Wage Inflation Does Not Necessarily Generate Inflation In The Short Term.
What is the cause of inflation? Pan Jiancheng said that in the theory of economics, there is a theory of quantity of money, which means that excessive supply of money will lead to inflation. The theory of demand pull refers to inflation caused by excessive demand, and the theory of cost push. Why does cost push inflation? Theoretically, this is possible. In a competitive market, prices are basically determined by supply and demand. Assuming that part of the enterprise's profit margin is very low, it may not be able to bear the pressure of rising costs. If demand is still large and there is no change at that time, then the relationship between supply and demand may change, which may lead to higher prices of products.
Since the rise in wages does not necessarily bring inflation, what is the cause of inflation?

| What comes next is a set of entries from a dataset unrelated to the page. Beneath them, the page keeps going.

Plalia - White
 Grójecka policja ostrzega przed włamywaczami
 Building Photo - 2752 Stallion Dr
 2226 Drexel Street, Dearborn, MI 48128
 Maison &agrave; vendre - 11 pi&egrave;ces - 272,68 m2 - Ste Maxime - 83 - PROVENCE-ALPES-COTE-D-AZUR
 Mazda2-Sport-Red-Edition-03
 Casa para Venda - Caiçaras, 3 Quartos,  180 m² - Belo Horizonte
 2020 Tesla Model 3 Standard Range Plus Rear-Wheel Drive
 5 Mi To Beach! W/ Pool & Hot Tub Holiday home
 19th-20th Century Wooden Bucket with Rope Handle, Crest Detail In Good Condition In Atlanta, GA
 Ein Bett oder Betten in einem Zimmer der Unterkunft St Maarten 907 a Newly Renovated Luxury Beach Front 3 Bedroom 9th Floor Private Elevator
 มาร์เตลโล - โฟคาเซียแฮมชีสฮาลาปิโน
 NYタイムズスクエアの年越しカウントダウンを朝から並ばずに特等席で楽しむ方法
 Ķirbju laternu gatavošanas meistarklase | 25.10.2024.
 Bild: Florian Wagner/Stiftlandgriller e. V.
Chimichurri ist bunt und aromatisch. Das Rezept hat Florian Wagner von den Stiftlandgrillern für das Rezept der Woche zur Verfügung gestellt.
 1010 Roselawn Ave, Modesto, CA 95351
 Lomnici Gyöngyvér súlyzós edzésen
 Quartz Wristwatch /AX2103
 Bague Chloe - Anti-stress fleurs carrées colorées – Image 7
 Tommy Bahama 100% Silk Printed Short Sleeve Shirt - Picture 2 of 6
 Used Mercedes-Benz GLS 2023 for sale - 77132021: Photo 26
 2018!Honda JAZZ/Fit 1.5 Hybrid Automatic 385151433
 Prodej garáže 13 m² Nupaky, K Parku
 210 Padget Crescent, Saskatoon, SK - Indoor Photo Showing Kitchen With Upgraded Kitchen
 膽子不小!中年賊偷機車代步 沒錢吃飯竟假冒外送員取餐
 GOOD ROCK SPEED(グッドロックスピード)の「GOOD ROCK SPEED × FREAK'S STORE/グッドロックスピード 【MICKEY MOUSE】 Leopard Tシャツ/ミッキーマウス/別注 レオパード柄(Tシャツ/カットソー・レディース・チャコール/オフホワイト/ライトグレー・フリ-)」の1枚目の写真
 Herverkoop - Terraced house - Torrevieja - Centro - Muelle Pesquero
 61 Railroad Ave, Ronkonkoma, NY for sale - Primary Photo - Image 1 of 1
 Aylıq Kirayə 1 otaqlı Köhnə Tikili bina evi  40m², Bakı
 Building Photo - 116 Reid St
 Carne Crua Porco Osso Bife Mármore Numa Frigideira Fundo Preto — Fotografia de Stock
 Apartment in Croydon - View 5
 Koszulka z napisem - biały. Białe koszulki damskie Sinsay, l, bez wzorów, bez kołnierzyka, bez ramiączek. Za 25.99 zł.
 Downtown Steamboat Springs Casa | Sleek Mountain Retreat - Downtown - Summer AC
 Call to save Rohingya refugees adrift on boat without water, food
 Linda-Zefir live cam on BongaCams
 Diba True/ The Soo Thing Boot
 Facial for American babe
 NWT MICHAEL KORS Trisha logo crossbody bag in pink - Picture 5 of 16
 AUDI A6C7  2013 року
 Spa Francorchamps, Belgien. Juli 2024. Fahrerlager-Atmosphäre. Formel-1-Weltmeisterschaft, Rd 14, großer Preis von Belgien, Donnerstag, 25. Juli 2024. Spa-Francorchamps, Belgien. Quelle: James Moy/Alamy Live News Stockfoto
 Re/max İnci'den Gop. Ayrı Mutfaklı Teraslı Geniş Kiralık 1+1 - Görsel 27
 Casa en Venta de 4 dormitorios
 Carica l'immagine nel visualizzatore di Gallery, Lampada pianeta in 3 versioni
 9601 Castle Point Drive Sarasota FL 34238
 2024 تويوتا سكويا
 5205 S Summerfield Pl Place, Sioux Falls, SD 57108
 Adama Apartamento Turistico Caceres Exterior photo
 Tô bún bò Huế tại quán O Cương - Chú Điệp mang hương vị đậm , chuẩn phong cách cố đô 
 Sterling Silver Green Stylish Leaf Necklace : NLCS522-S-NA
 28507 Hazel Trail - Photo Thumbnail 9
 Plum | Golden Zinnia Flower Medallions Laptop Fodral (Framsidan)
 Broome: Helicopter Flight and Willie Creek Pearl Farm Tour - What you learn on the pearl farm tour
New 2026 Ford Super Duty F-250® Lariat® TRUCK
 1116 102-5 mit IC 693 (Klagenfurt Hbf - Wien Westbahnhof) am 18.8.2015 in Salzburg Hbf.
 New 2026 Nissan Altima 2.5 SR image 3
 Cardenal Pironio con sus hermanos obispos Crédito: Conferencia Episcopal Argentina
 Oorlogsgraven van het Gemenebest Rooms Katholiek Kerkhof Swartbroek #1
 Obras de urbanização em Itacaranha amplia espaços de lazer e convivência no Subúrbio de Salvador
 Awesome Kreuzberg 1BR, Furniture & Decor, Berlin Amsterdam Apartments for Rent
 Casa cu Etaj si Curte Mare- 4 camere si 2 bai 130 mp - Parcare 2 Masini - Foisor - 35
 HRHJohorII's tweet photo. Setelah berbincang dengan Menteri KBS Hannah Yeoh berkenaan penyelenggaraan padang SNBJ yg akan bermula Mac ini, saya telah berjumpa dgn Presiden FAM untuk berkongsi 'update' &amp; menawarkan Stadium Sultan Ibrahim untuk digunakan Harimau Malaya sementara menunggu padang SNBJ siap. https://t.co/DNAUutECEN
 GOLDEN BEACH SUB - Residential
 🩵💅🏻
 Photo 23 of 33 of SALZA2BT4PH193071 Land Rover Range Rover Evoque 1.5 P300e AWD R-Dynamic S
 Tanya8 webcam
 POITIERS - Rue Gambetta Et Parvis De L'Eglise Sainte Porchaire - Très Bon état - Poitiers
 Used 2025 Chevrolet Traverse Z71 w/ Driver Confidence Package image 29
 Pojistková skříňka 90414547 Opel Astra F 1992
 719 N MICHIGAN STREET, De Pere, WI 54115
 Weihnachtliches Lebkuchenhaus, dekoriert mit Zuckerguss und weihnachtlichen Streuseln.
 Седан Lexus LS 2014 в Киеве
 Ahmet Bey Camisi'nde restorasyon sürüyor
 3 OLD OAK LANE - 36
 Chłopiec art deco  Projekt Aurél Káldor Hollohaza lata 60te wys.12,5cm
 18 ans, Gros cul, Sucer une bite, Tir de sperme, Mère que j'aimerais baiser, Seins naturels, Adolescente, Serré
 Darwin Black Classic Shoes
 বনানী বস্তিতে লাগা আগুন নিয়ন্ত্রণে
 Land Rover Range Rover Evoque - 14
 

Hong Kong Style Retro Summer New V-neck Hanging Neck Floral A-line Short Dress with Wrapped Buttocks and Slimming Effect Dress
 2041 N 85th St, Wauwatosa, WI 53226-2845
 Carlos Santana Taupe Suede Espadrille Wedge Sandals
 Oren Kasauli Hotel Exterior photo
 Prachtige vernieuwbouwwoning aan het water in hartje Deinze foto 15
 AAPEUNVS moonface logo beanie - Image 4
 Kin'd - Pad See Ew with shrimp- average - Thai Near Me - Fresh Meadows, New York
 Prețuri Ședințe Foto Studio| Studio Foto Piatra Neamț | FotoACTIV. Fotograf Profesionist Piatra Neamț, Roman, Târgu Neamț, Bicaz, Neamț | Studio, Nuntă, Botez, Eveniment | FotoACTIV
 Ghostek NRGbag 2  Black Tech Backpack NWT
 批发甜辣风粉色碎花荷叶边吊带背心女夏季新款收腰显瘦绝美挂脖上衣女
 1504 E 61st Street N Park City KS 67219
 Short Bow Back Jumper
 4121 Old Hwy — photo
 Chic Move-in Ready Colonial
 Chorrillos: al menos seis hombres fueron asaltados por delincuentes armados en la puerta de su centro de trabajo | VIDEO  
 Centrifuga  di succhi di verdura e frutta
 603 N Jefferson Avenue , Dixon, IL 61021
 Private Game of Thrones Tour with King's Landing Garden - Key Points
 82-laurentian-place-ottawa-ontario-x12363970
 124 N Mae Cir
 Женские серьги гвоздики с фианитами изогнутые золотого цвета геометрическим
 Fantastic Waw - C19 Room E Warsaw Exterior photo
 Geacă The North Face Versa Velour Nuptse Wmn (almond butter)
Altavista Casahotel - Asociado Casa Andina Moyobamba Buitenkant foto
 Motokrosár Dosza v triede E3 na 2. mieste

Pan Jiancheng believes that from the perspective of our history, it is mainly the price of agricultural products. This feature has been very good in recent years in the price trend. Taking the first half of this year's CPI, most of it is mainly caused by rising food prices. This year's summer grain is the third best harvest in history. The autumn grain is also stable at present. The planting area is increasing. Although some provinces are suffering from floods, if they manage well, there will be no big fluctuations.
As a matter of fact, whether wage increases lead to rising costs will not be a driving force for price rise. The key lies in whether enterprises can bear the rise of this cost. If the profitability of enterprises is good and the rise of human cost can be digested, the driving force for price rise will not be great. In the first half of this year, the profit of enterprises was relatively good, and the profit margin of sales continued to rise. This shows that the first half of the business is still very good. In the second half of the year, even if there are some difficulties, it may be able to digest.
In the long run, wages and prices will rise, and wage increases will be much higher than price increases. "As I mentioned before, the future price is not mainly due to, or not directly because of wage rise, or depends on the change of supply and demand. To some extent, the change of supply and demand depends on the way of increasing supply. For example, at present, wage increases force enterprises to upgrade their technology and bring about two results: first, by improving efficiency and keeping profits, the pressure on price increases due to the increase in human costs is reduced; two, because of the upgrading of equipment, the demand for labor in unit output decreases, resulting in an increase in employment pressure, which will further affect the wage increase and will not enter the cycle of rising wages and prices. Pan Jiancheng said.
"Although the data from nearly 10 years can be concluded that the correlation between wage inflation and inflation is not significant, wage inflation does not necessarily generate inflation in the short term, but it is necessary to prevent inflation expectations arising from it," Pan Jiancheng cautioned. He believes that the change of expectation is faster than the real supply and demand relationship, leading to the emergence of real inflation. "It is expected that the supply and demand will be changed, and those who sell will not be sold and hoarding up. The buyers will buy more than they need, leading to price increases. Therefore, managing inflation expectations is not the same thing as preventing inflation. This year, the inflationary pressure caused by supply and demand is not large. The key is to prevent the rise of inflation expectations due to the amplification of some individual products, such as the rise of garlic or the rise in wages of migrant workers.